7) GMs generally find audits that include benchmarking against their local competitors to be of value in understanding how they are performing in their own market, but only a third felt benchmarking resulted in improved performance. So a good audit program would provide benchmarking, based on rigorous, tailor-made standards, and would place the emphasis not on besting the competition but on setting and implementing standards that actually improve the guest experience, and thus ultimately, the RevPAR, and their attractiveness to guests when compared with the local competition.

So a useful audit would combine

  1. a) an internal and professionally derived, comprehensive and confidential QA in the real world in order to maintain the standards that are designed to bring about a happy guest experience

with

  1. b) social-media monitoring in the virtual world and public domain, of guest reviews of the actual service received

into an actionable overview of performance and real standing to guide management at the operational, PR, and marketing levels.

For the final word on the ideal QA program, and the need, as expressed by the majority of GMs surveyed around the world, for the industry to up its game, it is probably best coming from the man who helped launch, and then run, LQA, the market leader in QA, for many years; for if anyone understands the challenges, successes, and shortfalls of the industry, it is Welf Ebeling, who has been intimately involved with the workings of the industry and then enjoyed the luxury of standing back far enough to see the big picture.

“There are fundamentals in service and guest handling that are timeless and applicable everywhere in the world. However, over the years, customer needs and expectations have changed. Quality Assurance can no longer be based solely on standards that were set at a time when middle-aged and retired Americans made up the main force of luxury travelers. When I joined the Leading Hotels of the World, some of the requirements at the time were that a hotel include a hamburger and a club sandwich on the menu, and a male guest wear jacket and tie in a fine-dining room. Asia was, by and large, an incoming destination that catered to Western tourists.

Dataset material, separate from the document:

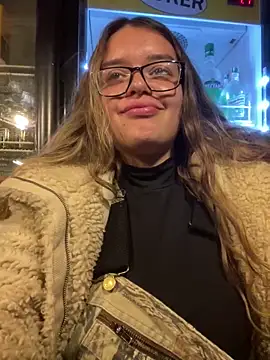 Snapshot of Aphrill chatting on October 16, 4:24 am Aphrill online show from October 16, 4:24 am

“All this has changed, and hotels have to gear up to meet the needs of today’s customer, who in the luxury sector, could very likely be a millennial billionaire arriving in T-shirt and jeans, or a group of affluent Chinese single ladies outspending by far Western travelers on average. A genuine desire to take care of a customer’s needs, even if it is not perfectly executed, is far more important than robotic, drilled standards lacking in warmth and compassion.”